Kenyan banks are set for consolidation to meet a deadline to boost minimum core capital and cut costs in a lower interest rate environment.
Although banks are on course for good profit growth this year as evinced by first-half results, senior industry executives say the sharp falls in Kenyan interest rates this year have put pressure on bank margins.
Two small lenders, Equatorial Commercial Bank and Southern Credit Bank have already completed a merger this year, citing the need to enlarge their branch network and balance sheet.
“We expect mergers and acquisitions in the sector to continue being driven by market demands and the need for scale to exploit these opportunities,” central bank Governor Njuguna Ndung’u told Reuters.
“In addition, this allows them to enlarge and serve their market niches,” he said.
In 2008, then Finance Minister Amos Kimunya proposed to raise the minimum core capital for banks to 1 billion shillings from 250 million shillings, giving 2012 as the deadline for all banks to comply.
The local implications of enhanced capital rules abroad following the global financial crisis may also encourage mergers and acquisitions in the sector, analysts said.
Lenders in Kenya have already met the set capital thresholds under the new Basel III rules, but a scramble for opportunities in a more competitive landscape may prompt the regulator to keep a more watchful eye over the institutions.
“Increased competition and capital adequacy requirements under Basel III are likely to be the key drivers behind sector consolidation,” said Francis Mwangi, a banks analyst at African Alliance.
Good liquidity and conservative lending practices — lenders have increasingly been putting their money cash into relatively risk-free government securities over the past five years — might also attract foreign investors.
The liquidity ratio for the sector at the end of last month was 46.3 percent against a statutory minimum of 20 percent.
Total capital to total risk-weighted assets was 20.6 percent, while the statutory minimum is 12 percent.
MANY COMMERCIAL BANKS
Eric Munywoki, a researcher at Dyer and Blair Investment Bank, said sharp falls in the yield curve this year and policymakers’ actions supported the consolidation case.
Yields have dropped by more than 300 basis points across the curve this year in tandem with a sustained easing cycle.
The rates at which banks lend have also been falling, though too slowly in the eyes of the central bank, which sees credit growth as a key driver of economic recovery.
“We have so many commercial banks, and for them to survive after the central bank lowered its lending rate expecting them to replicate the same (cut rates), they will have to merge,” said Munywoki.
While small institutions might merge or find a home in the arms of a bigger rival, foreign banks might find rich pickings in National Bank as the state divests from the ninth largest lender by assets.

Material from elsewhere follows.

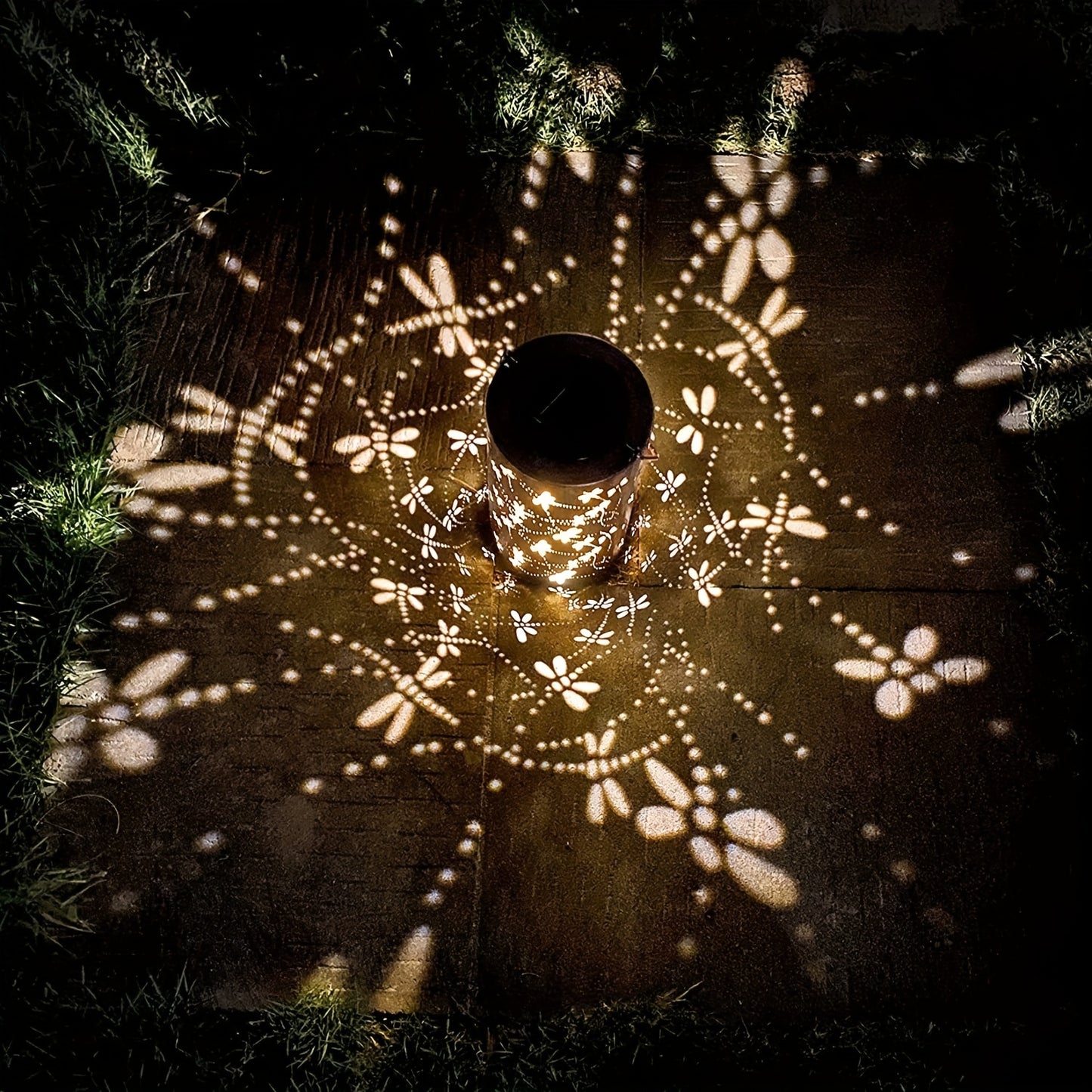 1PC Solar Outdoor Lanterns, Dragonfly Element Hanging Solar Outdoor Garden Lights, Metal Solar LED Lights, Suitable For Gardens, Courtyards, Balconies, Aisles, Lawns, Gifts For Relatives And Friends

National, which completed a turnaround this year after heavy losses in the late 1990s and early 2000s, is focusing on lending to small and medium-sized businesses, vital to many economies in sub-Saharan Africa. The sale of the stake has been delayed by shareholder disagreements over the process.
“Banks have delivered high absolute and juiced returns, and, like the rest of Africa, I am sure the Kenyan banking sector is popping above the international radar,” says Aly Khan Satchu, an independent analyst in Nairobi.
Shares in the banking sector are up 60 percent on a market cap weighted basis so far this year, outperforming the all-share index NASI, which is up 37.4 percent in the same period.
Renaissance Capital said the four listed institutions they track offered growth in terms of earnings, estimating 2010 gross profit growth at 42 percent.
RenCap tracks Cooperative, Barclays Bank of Kenya, Equity and Kenya commercial Bank.
The central bank said profit before tax at the end of August had already reached 98 percent of 2009 year profits.
KCB, the largest bank in Kenya by assets, has attracted interest in the second half after a rights issue induced a fall in its shares. Analysts said its shares now offered a discount on the bank’s valuation.
One investment banker said private equity group Helios’s acquisition of a 24.99 percent stake in Equity Bank for $178.7 million in 2007 is a pointer to more foreign appetite. Equity is usually the most traded bank stock on the Nairobi bourse and its shares have gained 81.2 percent so far this year.
He said there was also more general interest in Africa from foreign multinationals.
Foreign investors who do look at opportunities in the sector will be reassured that analysts do not anticipate significant risks to the banking system.
“I do not see severe risks facing the sector as long as economic growth and activity maintain the same pace. This improved activity means reduced instances of non-performing loans and increased consumer spending,” said Renaldo D’souza, a Genghis Capital analyst.